Iam pleased to have been given the chance to reply to Maurice Glasman’s article in nlr 205. Glasman raised certain fundamental issues about which debate is urgently necessary. However, his article also contained a number of factual errors which, if not cleared up, may hinder genuine debate.

I agree entirely with Glasman’s basic thesis that in 1989 Poland had other options besides a leap in the dark towards an uncontrolled market economy. For example, Poland could have opted for a system along the lines of the West German social market. But this opportunity was lost. Unfortunately, in other respects Glasman’s focus is a little too narrow and sometimes he misses the truth altogether.

Glasman takes the view that the opportunity represented by 1989 has been lost. This is why he leaves us to satisfy ourselves with the prospect of a ‘British road’—a long-runing fight to civilize capitalism. At least, this would seem to be the message of his final appeal to discard both utopian constructivist and utopian free-market fantasies and to follow the examples of early social movements such as the Owenites, the Chartists, the Cooperative movement and the Labour Party. All these movements may have been defeated, he says, but they all left behind a substantial heritage. In Poland, Glasman argues, the effects of such movements would be to slow the rate of change, enlarge the sphere of freedom, restore societal institutions and thus ‘ameliorate the excesses of market utopianism’. Thus, he argues, instead of the great opportunity Poland had in 1989 to shape an economic system similar to West Germany’s social market system, we now face the more limited perspective of decades of fighting for limited amendments to capitalism.

For myself, I think this view is too pessimistic. It is based on the false premiss that the Polish market system is now so firmly entrenched that all that can remain is a battle for adjustments. I do not agree. Regarding the current changes in Poland, we are still at the early stages of leaving Communism behind. Fundamental choices about the kind of new social order we want still lie ahead. Nor am I alone in thinking this. An ever wider range of views of this kind are being expressed in various kinds of publication. Three recent books on this theme, for example, are Dokad od Komunizmu? [Where to from Communism?] by Karol Modzelewski, Losy Polakow [Polish Destinies] by Jan Szczpanski, and Ktoredy do Europy? [Which Way to Europe?] by Pawel Bozyk.

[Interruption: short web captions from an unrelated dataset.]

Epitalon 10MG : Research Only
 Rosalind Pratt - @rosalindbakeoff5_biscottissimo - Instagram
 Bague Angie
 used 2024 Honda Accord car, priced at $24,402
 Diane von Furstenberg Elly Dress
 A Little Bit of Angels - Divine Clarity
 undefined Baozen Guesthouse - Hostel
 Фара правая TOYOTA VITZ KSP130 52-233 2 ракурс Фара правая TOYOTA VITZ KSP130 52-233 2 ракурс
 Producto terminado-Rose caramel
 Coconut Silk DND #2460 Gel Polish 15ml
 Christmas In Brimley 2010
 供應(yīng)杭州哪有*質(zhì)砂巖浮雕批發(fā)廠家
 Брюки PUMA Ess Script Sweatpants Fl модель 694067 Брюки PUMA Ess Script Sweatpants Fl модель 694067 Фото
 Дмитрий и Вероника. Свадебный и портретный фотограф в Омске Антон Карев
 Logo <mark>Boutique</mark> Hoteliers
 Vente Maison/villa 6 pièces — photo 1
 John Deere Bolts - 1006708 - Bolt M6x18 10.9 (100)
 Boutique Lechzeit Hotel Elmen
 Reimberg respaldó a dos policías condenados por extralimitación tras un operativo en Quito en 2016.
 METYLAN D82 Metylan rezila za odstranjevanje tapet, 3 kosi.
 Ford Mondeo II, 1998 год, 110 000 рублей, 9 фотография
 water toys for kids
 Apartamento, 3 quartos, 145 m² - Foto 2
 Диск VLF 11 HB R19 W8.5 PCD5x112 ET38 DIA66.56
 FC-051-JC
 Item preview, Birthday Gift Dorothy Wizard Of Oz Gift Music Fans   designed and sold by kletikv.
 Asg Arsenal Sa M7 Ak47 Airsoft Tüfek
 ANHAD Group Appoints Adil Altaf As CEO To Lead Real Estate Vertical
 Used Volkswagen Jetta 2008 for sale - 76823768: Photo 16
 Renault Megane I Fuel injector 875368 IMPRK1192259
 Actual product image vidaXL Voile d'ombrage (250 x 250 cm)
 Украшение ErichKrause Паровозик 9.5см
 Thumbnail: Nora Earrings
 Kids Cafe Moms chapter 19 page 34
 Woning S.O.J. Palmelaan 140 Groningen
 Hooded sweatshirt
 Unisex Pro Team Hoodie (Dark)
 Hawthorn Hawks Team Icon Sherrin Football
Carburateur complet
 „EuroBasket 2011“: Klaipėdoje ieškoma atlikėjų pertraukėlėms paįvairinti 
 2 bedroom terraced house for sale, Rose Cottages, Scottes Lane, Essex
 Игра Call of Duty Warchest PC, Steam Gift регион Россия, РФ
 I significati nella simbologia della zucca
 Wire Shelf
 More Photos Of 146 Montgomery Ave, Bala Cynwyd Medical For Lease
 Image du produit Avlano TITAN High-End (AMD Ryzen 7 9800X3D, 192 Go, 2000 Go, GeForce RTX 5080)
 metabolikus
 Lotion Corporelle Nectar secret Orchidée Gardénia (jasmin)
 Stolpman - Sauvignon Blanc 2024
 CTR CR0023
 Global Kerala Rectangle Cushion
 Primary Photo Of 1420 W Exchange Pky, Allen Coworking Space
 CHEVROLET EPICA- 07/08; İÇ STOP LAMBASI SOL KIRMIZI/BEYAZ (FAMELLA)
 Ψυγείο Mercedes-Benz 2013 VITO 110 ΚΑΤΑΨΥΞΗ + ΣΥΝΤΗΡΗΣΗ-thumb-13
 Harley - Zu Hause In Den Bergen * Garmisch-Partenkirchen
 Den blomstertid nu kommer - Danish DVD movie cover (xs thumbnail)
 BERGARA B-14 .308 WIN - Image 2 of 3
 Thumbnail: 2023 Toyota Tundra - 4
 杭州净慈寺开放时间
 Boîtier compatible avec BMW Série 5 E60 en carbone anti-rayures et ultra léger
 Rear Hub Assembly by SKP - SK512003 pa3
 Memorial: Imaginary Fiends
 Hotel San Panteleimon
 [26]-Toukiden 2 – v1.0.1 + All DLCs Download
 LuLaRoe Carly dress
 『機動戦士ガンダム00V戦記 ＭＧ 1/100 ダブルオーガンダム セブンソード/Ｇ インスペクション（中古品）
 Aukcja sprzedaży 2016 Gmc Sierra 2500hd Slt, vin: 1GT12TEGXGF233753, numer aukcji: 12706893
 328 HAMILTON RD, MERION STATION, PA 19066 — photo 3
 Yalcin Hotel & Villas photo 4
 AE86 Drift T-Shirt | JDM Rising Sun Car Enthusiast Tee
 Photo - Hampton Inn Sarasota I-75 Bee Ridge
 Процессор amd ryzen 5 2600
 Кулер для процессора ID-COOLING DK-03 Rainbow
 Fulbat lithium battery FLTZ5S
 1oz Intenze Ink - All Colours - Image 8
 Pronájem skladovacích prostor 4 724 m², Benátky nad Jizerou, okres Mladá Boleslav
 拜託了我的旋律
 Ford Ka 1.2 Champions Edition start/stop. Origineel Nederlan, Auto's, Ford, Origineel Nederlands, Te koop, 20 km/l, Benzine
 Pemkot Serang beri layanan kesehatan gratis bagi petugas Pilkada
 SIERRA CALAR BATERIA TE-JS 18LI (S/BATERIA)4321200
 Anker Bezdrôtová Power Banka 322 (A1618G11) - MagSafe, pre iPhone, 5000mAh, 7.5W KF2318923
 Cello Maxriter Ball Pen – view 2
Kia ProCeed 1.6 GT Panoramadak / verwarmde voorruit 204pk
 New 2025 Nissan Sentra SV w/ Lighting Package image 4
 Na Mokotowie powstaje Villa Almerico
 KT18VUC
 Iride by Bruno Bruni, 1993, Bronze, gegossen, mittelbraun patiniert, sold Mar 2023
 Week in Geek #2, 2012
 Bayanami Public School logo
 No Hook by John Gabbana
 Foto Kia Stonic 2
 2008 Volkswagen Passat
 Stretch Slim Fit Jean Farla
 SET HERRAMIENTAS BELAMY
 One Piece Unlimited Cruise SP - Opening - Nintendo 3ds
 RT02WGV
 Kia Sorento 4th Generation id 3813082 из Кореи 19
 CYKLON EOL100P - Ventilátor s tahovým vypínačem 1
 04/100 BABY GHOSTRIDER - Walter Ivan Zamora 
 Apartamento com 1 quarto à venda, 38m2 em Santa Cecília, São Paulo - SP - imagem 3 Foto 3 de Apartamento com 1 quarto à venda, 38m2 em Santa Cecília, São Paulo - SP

An awareness of the need to return to basic issues has even reached governing circles. Recently Jacek Kuron published a manifesto demanding a fundamental revision in political thinking. Kuron is a leading figure of the Polish opposition which grew out of Solidarnosc. He has twice been minister of labour and in 1989 was a leading supporter of the economic programme put forward by Jeffrey Sachs and Leszek Balcerowicz. (I will return to this subject later.)

Before getting to the nub of the matter, I would like to say a few words about Karl Polanyi in whose work Glasman seeks the key to understanding the present situation in the post-Communist part of Europe. I am also a keen admirer of Polanyi’s The Great Transformation and it is natural that this should be referred to when considering the current changes in Eastern Europe. However, it is my belief that Glasman draws erroneous conclusions from Polanyi’s theory of evolutionary transformation. Admittedly, he follows Polanyi in proposing a ‘British road’ for the civilizing of capitalism, but Glasman’s description of the emergence of capitalism in Poland takes a constructivist point of view—agreeing as it does that the great leap was in fact successful in neo-liberal terms.

Leaving aside the actual terminology used by Polanyi, it is clear he considered that, while it is a simple matter to change laws and regulations, the emergence of new institutions—and particularly of new institutional systems—is a great deal more complex. These develop and grow in the context of long historical processes. Conscious effort by the state can only speed up these processes—if the direction of development is correctly recognized—or slow them down. At least, this is how I interpret one of the basic theses of The Great Transformation: ‘A market economy can only exist in a market society.’ In taking this view, Polanyi agrees with Hayek. Both these thinkers shared an intransigent anti-constructivism, though, of course, their ethical assessments of capitalism and its developent were diametrically opposed.